"Dancing for Unicef"
Royal Danish Ballet
November 2011
When "Other Dances" was premiered earlier this month I was not impressed with the choreography and wrote it of as a piece de occasion. What I realise now is that there is real value in the choreography and it can be brought out by the right dancers, in this case the teaming of Thomas Lund and Alexandra LoSardo who reinvented the work before our eyes.
When two of the hottest dancers in Copenhagen Alban Lendorf and J'aime Crandall danced the premiere of "Other Dances" the miracle did not really happen. Good dancing and strong technique, sure, but it was unclear why Nikolaj Hübbe had chosen this particular work for the company. Second cast fared no better. Now finally three weeks into the run it clicks. The way Thomas Lund and Alexandra LoSardo dances and interpret the pas de deux, totally changes the concept of the ballet. They dance it not as a technical tour de force. Their skills are up high, but the focus is on the musicality and the qualities of each step and phrasing. It gets a real romantic feeling without any hint of romance.
Soloist LoSardo is one of the best of the new crop of dancers who has joined RDB in the last years and like Lena Maria Gruber and J'aime Crandall she gets a lot of opportunities as a partner for the shorter male principals. She is not a demi character type but the rare bread of a small danseuse noblesse. A few years ago she even managed a good Second Movement in "Symphony in C". Her dancing are detailed and musically clear. At the intro Morten Eggert, always an interesting speaker on ballet, declared his admiration for her French style of dancing and predicted that she would bring new qualities out in Thomas Lund's dancing, and indeed they proved a very good match.

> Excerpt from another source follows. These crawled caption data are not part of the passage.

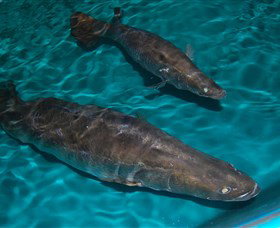 Cookabarra Restaurant And Function Centre - Tailor Made Fish Farms - Surfers Gold Coast 7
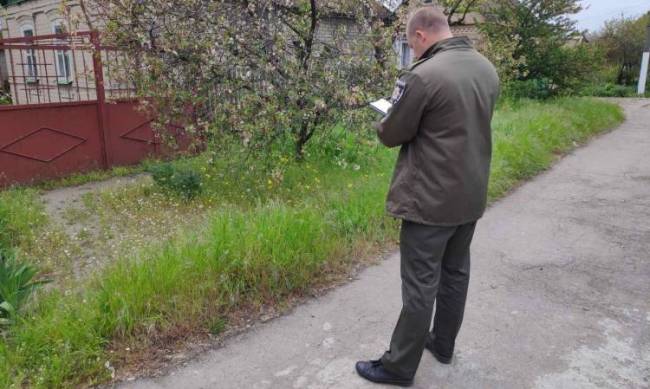 Мелитопольцев будут штрафовать за нескошенную траву фото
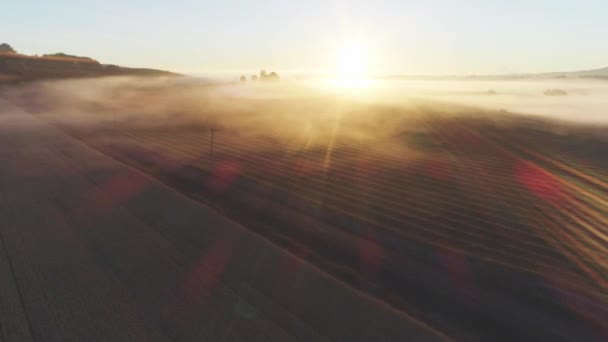 Luchtfoto Van Landbouwgrond Oregon Verenigde Staten — Stockvideo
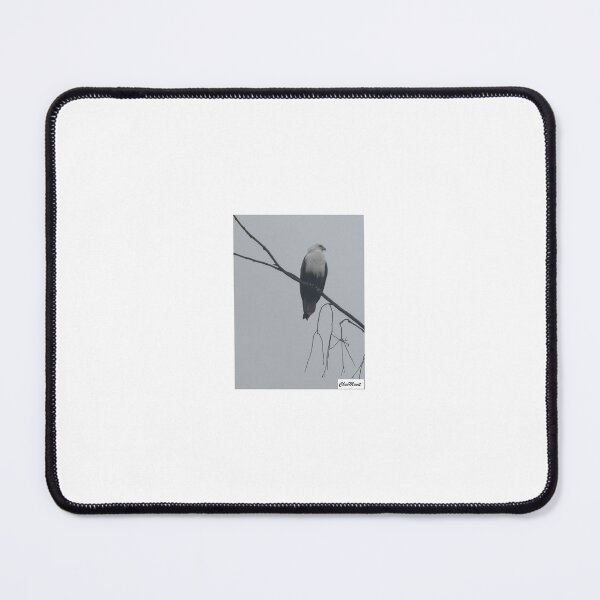 Item preview, ChevMovit Australian Sea Eagle designed and sold by ChevMovit.
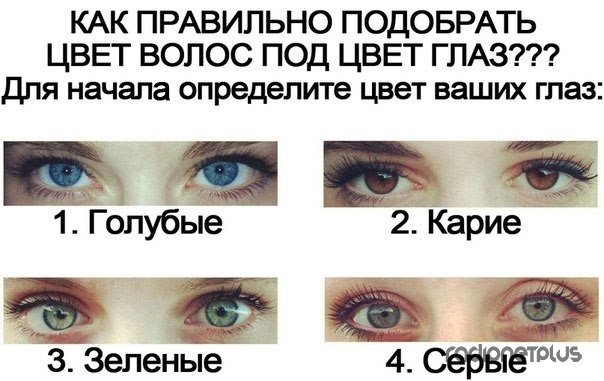 1385060551_rrqlezmjxb (604x381, 63Kb)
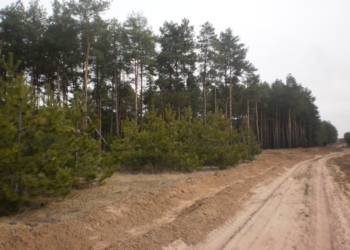 В Баловно-Матвеевском урочище посадили 10 тыс. саженцев крымской сосны и…новогодние елки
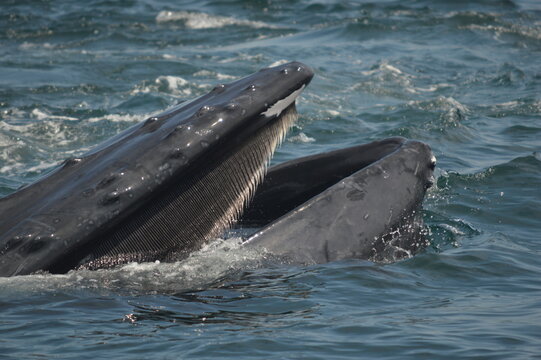 humpback whale showing off his baleen 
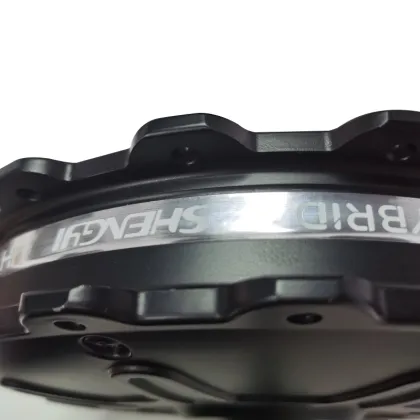 36V 350W Shengyi Electric Bike Front Drive Geared Motor: Specifications and Features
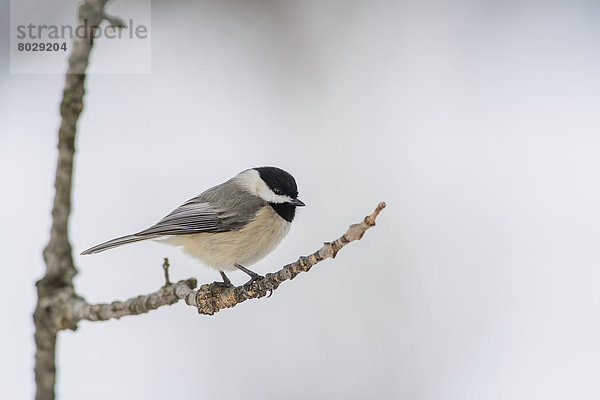 Carolina chickadee (poecile carolinensis) Ohio united states of america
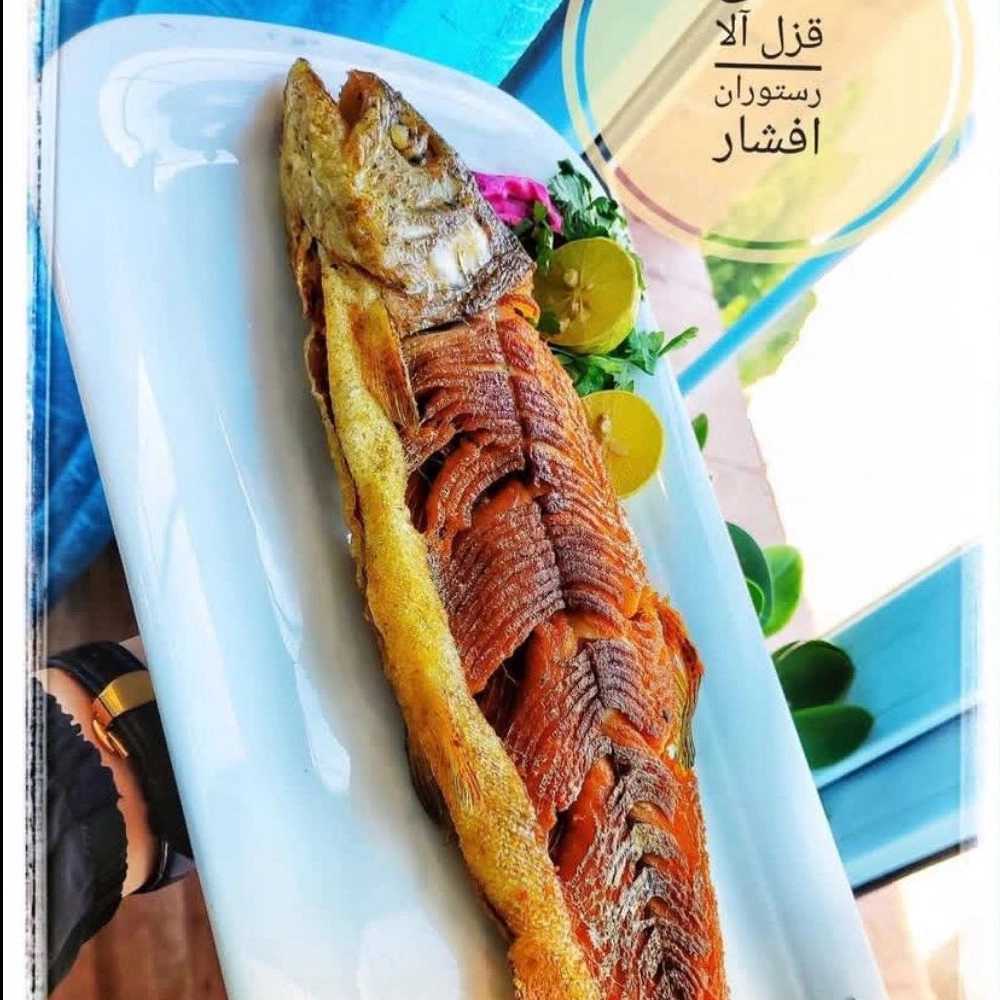 Somon kloesi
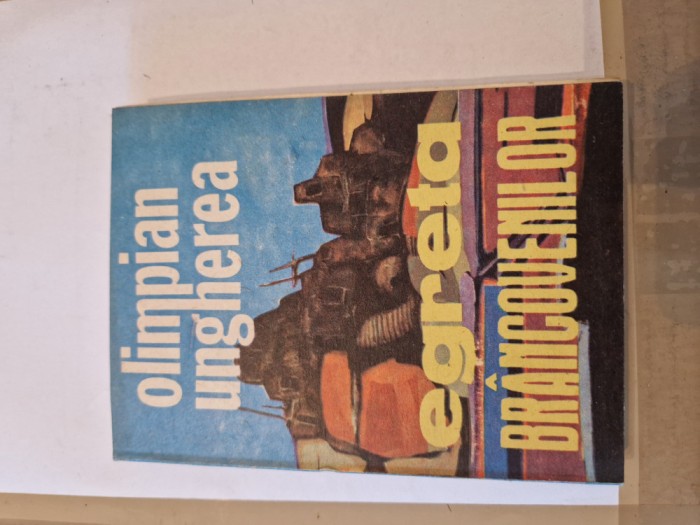 Egreta Brancovenilor vintage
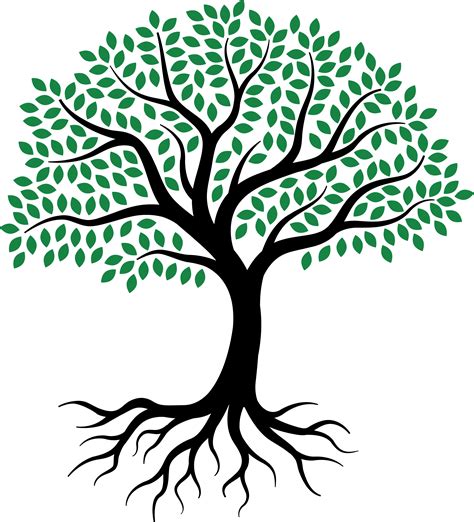 Drawing Root Tree Sketch Tree Of Life Png Download 23872633 Free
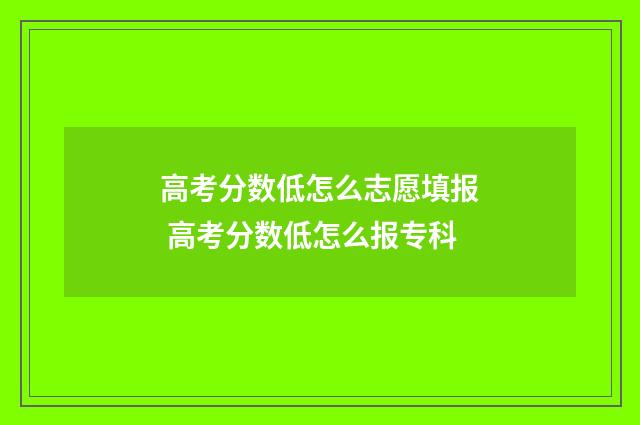 高考分数低怎么志愿填报 高考分数低怎么报专科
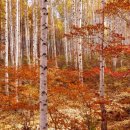 부평동아 이미지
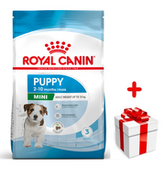 Sucha karma dla psów - ROYAL CANIN Mini Puppy 2kg karma sucha dla szczeniąt, od 2 do 10 miesiąca życia, ras małych + niespodzianka dla psa GRATIS! - miniaturka - grafika 1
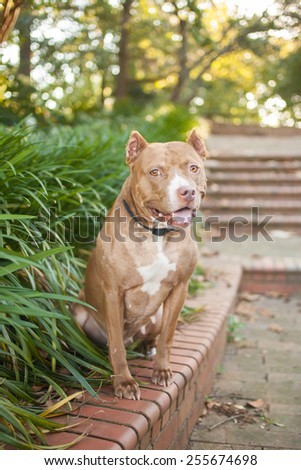 Pretty pit bull dog with cropped ears sits in the park and smiles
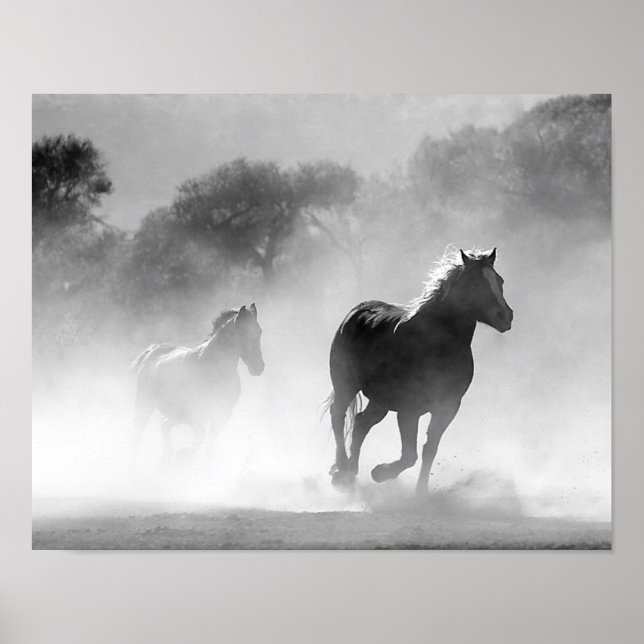 Horses Running in the Fog Black and White Poster (Front)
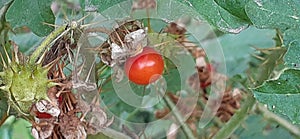 Fruits of Solanum Sisymbriifolium plant on Nature Background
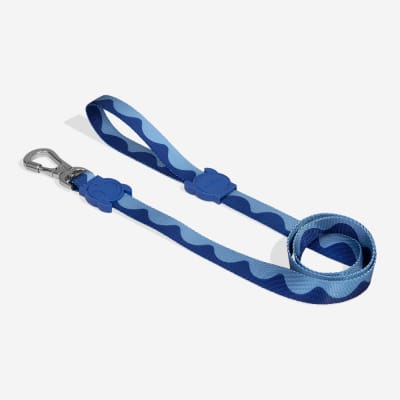 ZEE DOG SWELL LEASH1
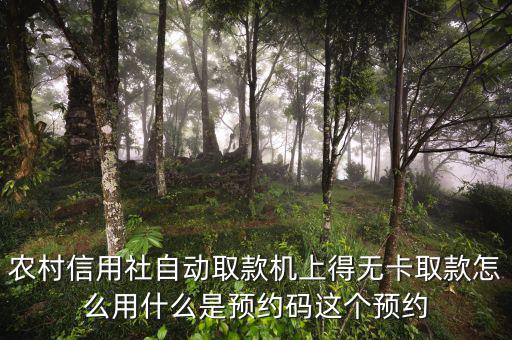 農行預約碼是什么，農商銀行預約取款預約碼是什么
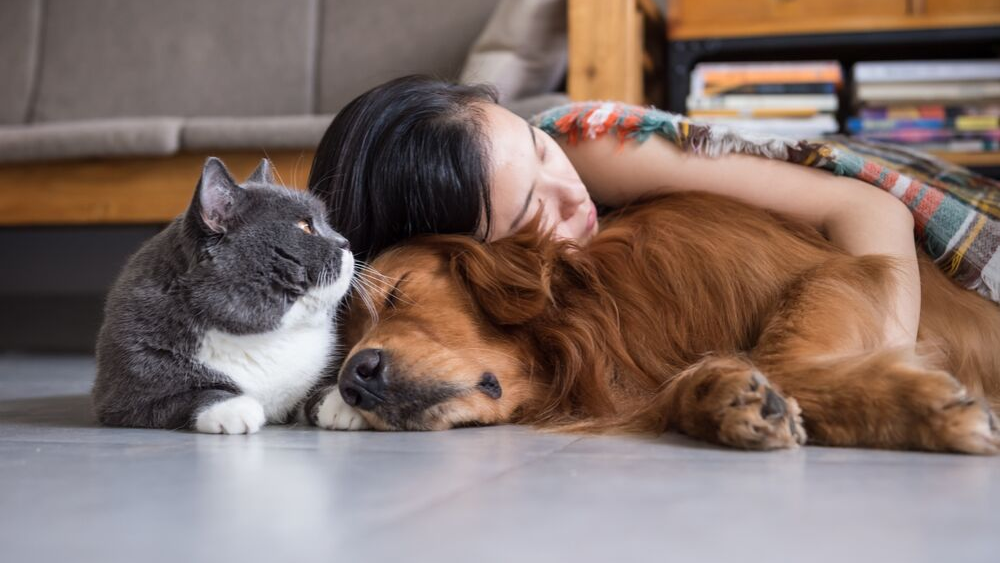 assicoop-assicurazione-cane-gatto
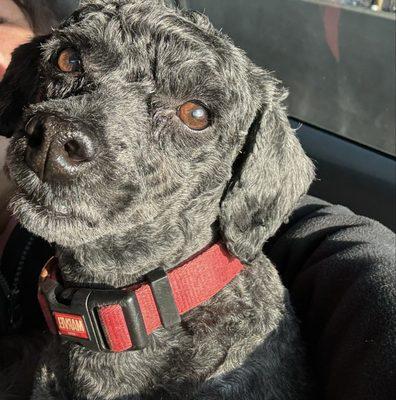 Jeanne's Petmine Grooming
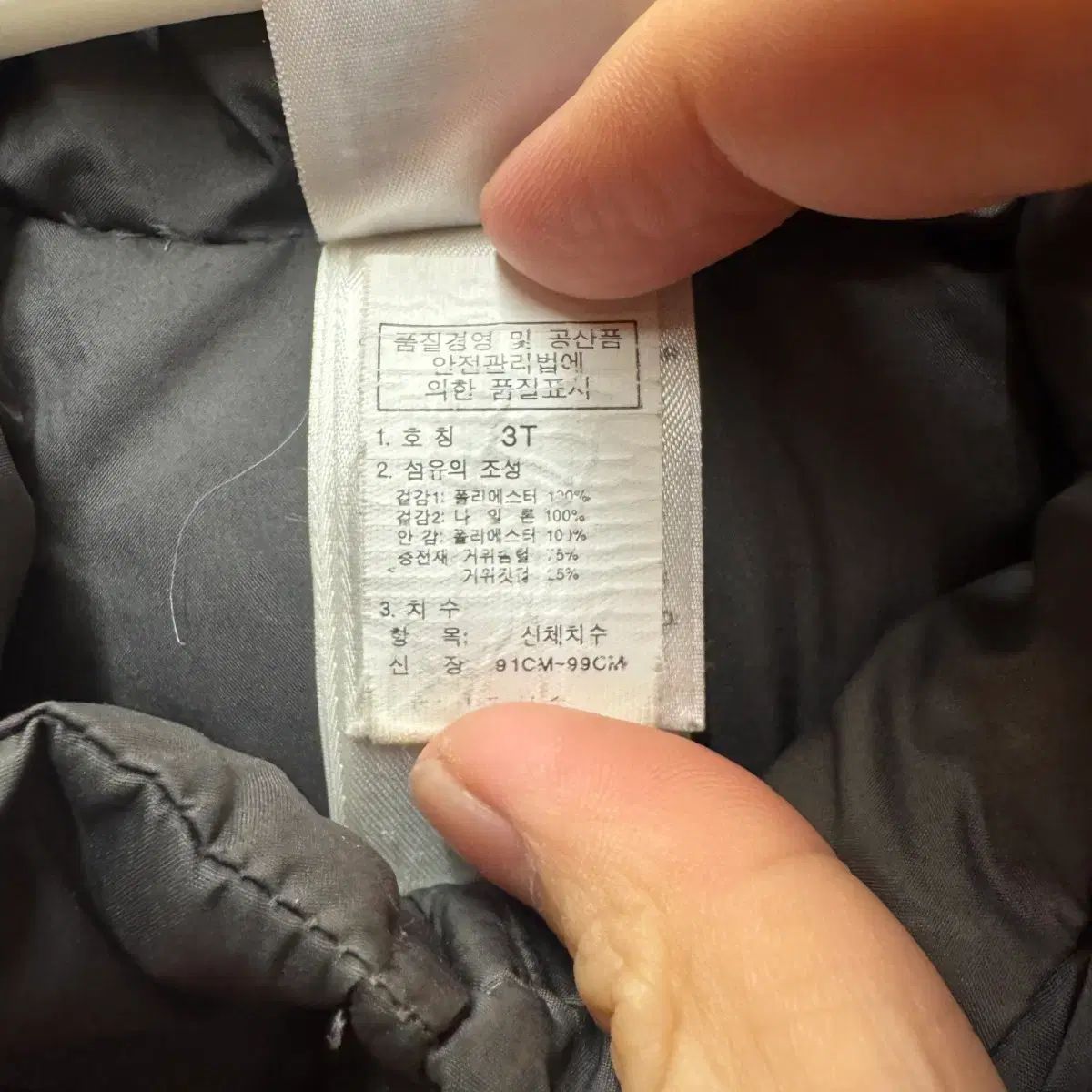  THE NORTH FACE ザ ノース フェイス グースダウン 3 T その他 ジャケット ブルゾン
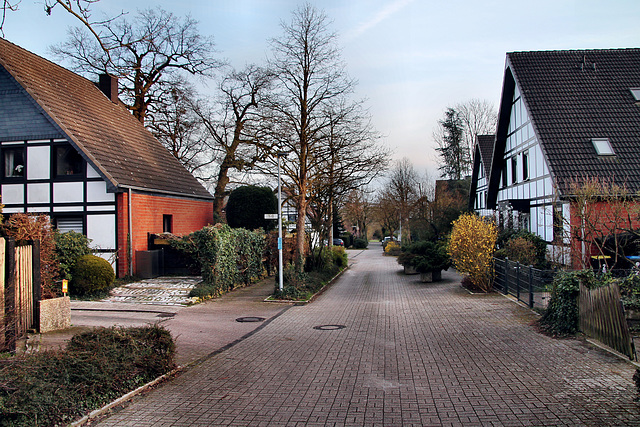 Am Eulenhof (Schwerte-Geisecke) / 9.03.2024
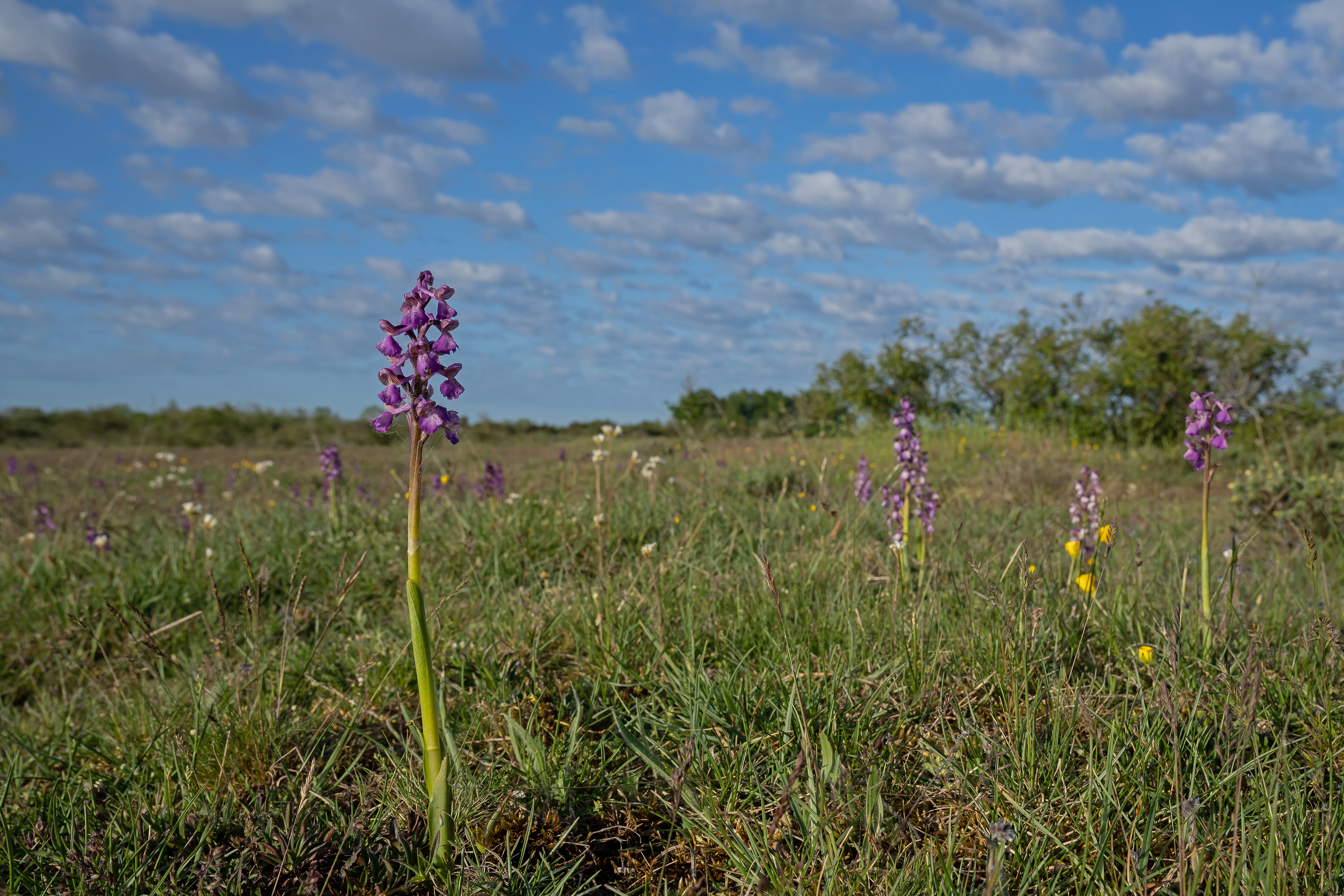 Tyndaksetgøgeurt Orchis mascula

Thomas Lund's work this season has been outstanding, not only in his signature piece in "The Lesson" but also in "The Concert" and now here, where he managed to emerge his musicality, elegance and skills with an underlying air of melancholy to the work. It look like LoSardo and Lund has analyzed each fragment of the ballet and chosen the best way to present it. It was a masterclass in concentration and projection.
Lund is at a stage of his career, which is a difficult stage for many dancers. At his mid-thirties he is no longer a natural for the ingenue repertoire, but what we see in Thomas Lund is his steady invasion of new territories: character parts, modern dance and he is probably now a stronger classicist than he had ever been.
Earlier this month he and his frequent partner from younger years Gudrun Bojesen also took over the leads in "The Concert". The two previous casts have done everything expected of them and scored personal success and yet Bojesen and Lund managed to bring it to an even higher level and ad even more personality and humour to the roles. They enhances Robbins choreography and makes the ballet much stronger.
Gudrun Bojesen also got the change to compete on an international level, when Ulrik Bikkjær and Sebastian Kloborg turned their injury hiatus into a fundraising event for Unicef. The two dancers have previously arranged small scale tours and performances and Sebastian Kloborg has obviously learned something from his father, former ballet master Frank Andersen, who has always been a vivid organizer of tours and events. However Frank Andersen had never produced anything on this scale in his mid-twenties. Birkkjær and Kloborg have managed to raise funding for bringing in dancers like Marcelo Gomez, ATB, Nina Ananiashvili, Johan Kobborg and Alina Cojacaru, Tamara Rojo and Nehemiah Kish as well as the full RDB company with Nikolaj Hübbe as conferencier. The Old stage was packed at double prices and there was great press coverage. The Brits brought two MacMillan pieces. "Winter Dream" for Roja and Kish and the last scene from "Mayerling" for Kobborg and Cojacaru.
RDB's contribution was a very fine "Etudes" with Gudrun Bojesen, Marcin Kupinsky and newcomer Jon Axel Fransson and an outstanding corps. Especially Gudrun Bojesen shined with a strong performance highlighting her musicality and interpretation skills. She outperformed the other international ballerinas as she could be more dramatic and sensitive even in a tutu role than the two Royal Ballet ballerinas, who should have had the advantage of dancing more dramatic roles.
Speaking of mid-30ties challenges for dancers, Johan Kobborg, who once shared many roles with Lund in younger days, seems more challenged than Lund. And one got the impression that his choice of number for this galla was a message to brand himself as a more dramatic dancer. Cojacaru is really to sweet to be credible as the morbid Vetsera and it looks like they may face a more difficult transition than Bojesen and Lund. Nina Ananishvili being a Russian (Georgian) dancer is now leading the Georgian National ballet, but as a mature dancer she is blessed by being in a culture where ballerinas just keep doing what they always has done such as the dying swan. For Bojesen and Lund, for whom one once saw little career opportunities outside Bournonville, they have both managed to keep growing and developing and is dancing as well as ever: Hübbe knows how to use them and they currently are holding up the performance levels at RDB and serve as a marker for the younger dancers.